### Listed records
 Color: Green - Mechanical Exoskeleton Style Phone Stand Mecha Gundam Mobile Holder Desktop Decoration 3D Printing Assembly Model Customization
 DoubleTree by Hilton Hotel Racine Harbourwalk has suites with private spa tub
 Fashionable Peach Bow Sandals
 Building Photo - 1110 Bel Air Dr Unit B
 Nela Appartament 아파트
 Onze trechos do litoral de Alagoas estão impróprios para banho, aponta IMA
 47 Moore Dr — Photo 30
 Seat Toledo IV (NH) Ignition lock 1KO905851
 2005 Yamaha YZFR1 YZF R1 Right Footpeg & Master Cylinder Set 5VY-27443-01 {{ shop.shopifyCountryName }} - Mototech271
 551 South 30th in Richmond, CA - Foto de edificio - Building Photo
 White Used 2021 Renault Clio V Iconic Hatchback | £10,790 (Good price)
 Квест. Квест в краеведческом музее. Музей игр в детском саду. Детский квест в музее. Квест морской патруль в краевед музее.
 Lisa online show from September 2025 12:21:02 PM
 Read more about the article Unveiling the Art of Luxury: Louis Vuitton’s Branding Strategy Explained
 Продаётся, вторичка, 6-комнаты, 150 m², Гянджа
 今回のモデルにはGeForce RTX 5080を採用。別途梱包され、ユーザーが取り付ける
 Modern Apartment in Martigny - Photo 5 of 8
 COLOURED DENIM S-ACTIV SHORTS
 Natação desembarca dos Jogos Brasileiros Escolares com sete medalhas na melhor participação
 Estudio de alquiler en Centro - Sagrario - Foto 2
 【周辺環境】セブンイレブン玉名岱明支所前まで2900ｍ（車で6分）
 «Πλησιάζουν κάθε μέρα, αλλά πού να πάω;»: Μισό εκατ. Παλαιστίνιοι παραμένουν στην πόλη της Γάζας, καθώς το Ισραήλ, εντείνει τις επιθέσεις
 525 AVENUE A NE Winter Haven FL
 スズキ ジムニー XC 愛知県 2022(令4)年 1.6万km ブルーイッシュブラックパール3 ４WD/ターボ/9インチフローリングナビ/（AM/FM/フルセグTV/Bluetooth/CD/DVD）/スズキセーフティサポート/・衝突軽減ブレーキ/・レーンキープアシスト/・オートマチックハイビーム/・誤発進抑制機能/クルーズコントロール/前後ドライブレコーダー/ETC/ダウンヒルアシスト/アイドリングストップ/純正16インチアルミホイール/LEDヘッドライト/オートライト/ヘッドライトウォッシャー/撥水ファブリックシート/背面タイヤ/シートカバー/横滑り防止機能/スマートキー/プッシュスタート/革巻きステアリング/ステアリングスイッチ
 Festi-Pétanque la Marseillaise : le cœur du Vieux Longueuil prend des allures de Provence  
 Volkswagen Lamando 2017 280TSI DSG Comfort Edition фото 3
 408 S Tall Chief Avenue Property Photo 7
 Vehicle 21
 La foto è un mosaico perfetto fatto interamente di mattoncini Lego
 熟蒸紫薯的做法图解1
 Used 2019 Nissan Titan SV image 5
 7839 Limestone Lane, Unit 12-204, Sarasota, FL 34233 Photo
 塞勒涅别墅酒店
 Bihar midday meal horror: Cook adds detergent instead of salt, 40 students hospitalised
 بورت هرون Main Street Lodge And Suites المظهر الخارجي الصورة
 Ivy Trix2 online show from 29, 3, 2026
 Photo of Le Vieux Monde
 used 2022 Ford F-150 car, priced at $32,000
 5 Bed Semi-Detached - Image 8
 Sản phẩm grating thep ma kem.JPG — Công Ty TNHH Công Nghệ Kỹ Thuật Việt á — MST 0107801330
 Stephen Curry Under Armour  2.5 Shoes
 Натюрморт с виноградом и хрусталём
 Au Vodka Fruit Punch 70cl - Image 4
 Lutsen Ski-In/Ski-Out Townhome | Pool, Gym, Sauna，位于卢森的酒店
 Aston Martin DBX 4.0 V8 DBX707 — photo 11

### Work order
Reproduce exactly the first line of the listing and every line after it, through the one containing "2005 Yamaha YZFR1". Nothing else belongs in the output.

### Solution
 Color: Green - Mechanical Exoskeleton Style Phone Stand Mecha Gundam Mobile Holder Desktop Decoration 3D Printing Assembly Model Customization
 DoubleTree by Hilton Hotel Racine Harbourwalk has suites with private spa tub
 Fashionable Peach Bow Sandals
 Building Photo - 1110 Bel Air Dr Unit B
 Nela Appartament 아파트
 Onze trechos do litoral de Alagoas estão impróprios para banho, aponta IMA
 47 Moore Dr — Photo 30
 Seat Toledo IV (NH) Ignition lock 1KO905851
 2005 Yamaha YZFR1 YZF R1 Right Footpeg & Master Cylinder Set 5VY-27443-01 {{ shop.shopifyCountryName }} - Mototech271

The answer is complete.